Each utility on the campus has its own Civil 3D model drawing with a pipe network and structures specific to the respective utility. The structures were created in Civil 3D to match the actual size of the structure on the campus, per the site drawings, to help determine actual clashes with the structures.
Furthermore, data shortcuts were developed for each of the Civil 3D models. The design team could then add these data shortcuts to their site drawings and develop profiles to show all utility crossings. Any change to a model would then be automatically reflected in the site drawings and profiles.

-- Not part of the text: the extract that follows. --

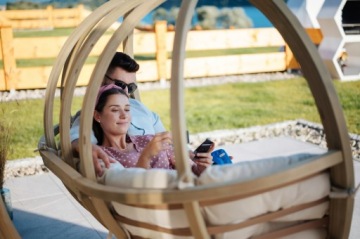Двойное подвесное кресло xxl для сада с каркасом кремовое KONSIMO CALLISTO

Civil 3D models were uploaded weekly to produce a federated model—where all design team consultants were combined into one working 3D model—which was then provided to the contractor. Instead of creating entirely new 3D models from scratch, the federated model was used to create views by specific project phases or the individual trades. Walter P Moore and the other design team consultants that uploaded any data to Cloud Collaboration were appended to the federated model on a weekly basis.

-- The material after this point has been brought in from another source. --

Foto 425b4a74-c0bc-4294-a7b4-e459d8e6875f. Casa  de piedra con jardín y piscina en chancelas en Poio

The federated model was used for the campus to see what was occurring within the design as well as to visually see what the layout may look like once construction is completed. For example, it allowed users to visualize a tunnel crossing under a street from the perspective as if the user were viewing the tunnel onsite in real-time. The federate model includes utilities, grading contours, roads, sidewalks, buildings, building foundations, landscape, bridges, tunnels, ramps, retaining walls, and anything else that can be envisioned on the campus. Users have the ability to zoom in and out of the various elements of the model in order to measure clearances between the various utilities.
Any discrepancies between the different project teams’ Civil 3D models were identified and discussed during weekly meetings. In addition, the contractor would inform the design team of the construction sequencing during these meetings to focus on any utilities that would be installed in the near future. The 3D model was updated faster than the drawings, which also made the campus unique because the contractor was building off the model instead of the drawings.

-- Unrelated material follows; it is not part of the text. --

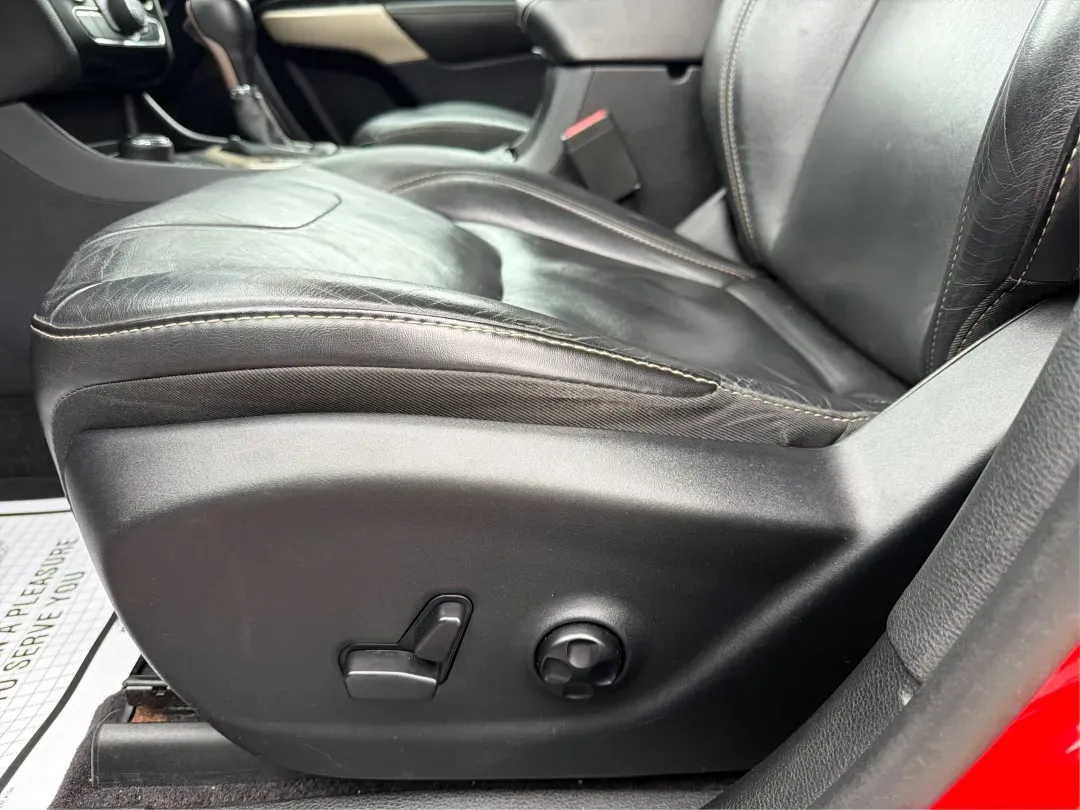 2018 Jeep Cherokee Limited 4x4 (1C4PJMDB4JD) with an Other engine, located at 1951 S Dayton Lakeview Rd., New Carlisle, OH, 45344, (937) 908-9800, 39.890999, -84.050255 - **Adventure Awaits with the 2018 Jeep Cherokee Limited 4x4!**<br /> <br /> Are you ready to elevate your daily drive or embark on unforgettable weekend adventures? Look no further than this stunning 2018 Jeep Cherokee Limited 4x4, now available at Advantage Car and Credit, your trusted Buy Here Pay - Photo#17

Furthermore, the contractor produced a 3D model of their own and any deviation from Walter P Moore’s model had to be reviewed. As portions of Walter P Moore’s and the contractor’s models were coordinated, they were considered set and ready for construction. In order to keep track of these variations, the contractor incorporated the use of BIM Tracker to create conflict reports, which were then assigned to the appropriate team. This provides a tracking system for both the design teams and the contractor of each individual issue and how it was resolved. It was a process that required much foresight and coordination with the design consultant teams and throughout this process Walter P Moore was Walmart’s liaison between the contractor and the design teams.
Constant Communication
The ability to review the utilities in the software platforms used for the campus resulted in faster conflict identification and resolution. The design teams and the contractor were able to understand the issues immediately by seeing all of them in 3D or in real-time. Identifying the issues early saved time and money on reconstruction efforts.
Project managers were assigned for each of the utilities, which meant an abundance of internal meetings and coordination with each of the five zones, utility, mass grading, and infrastructure project managers. Ongoing coordination with the architect, landscape architect, and MEPs (design consultant team) was also critical. Additional coordination with the contractor and their subcontractors was conducted as the utility design advanced to the final stages.
Due to the abundance of moving parts, site components, different phases of design, and the number of utilities for the campus, it would have been impossible not to collaborate—either with the bevy of software programs or the regular building team meetings—to provide a successful design.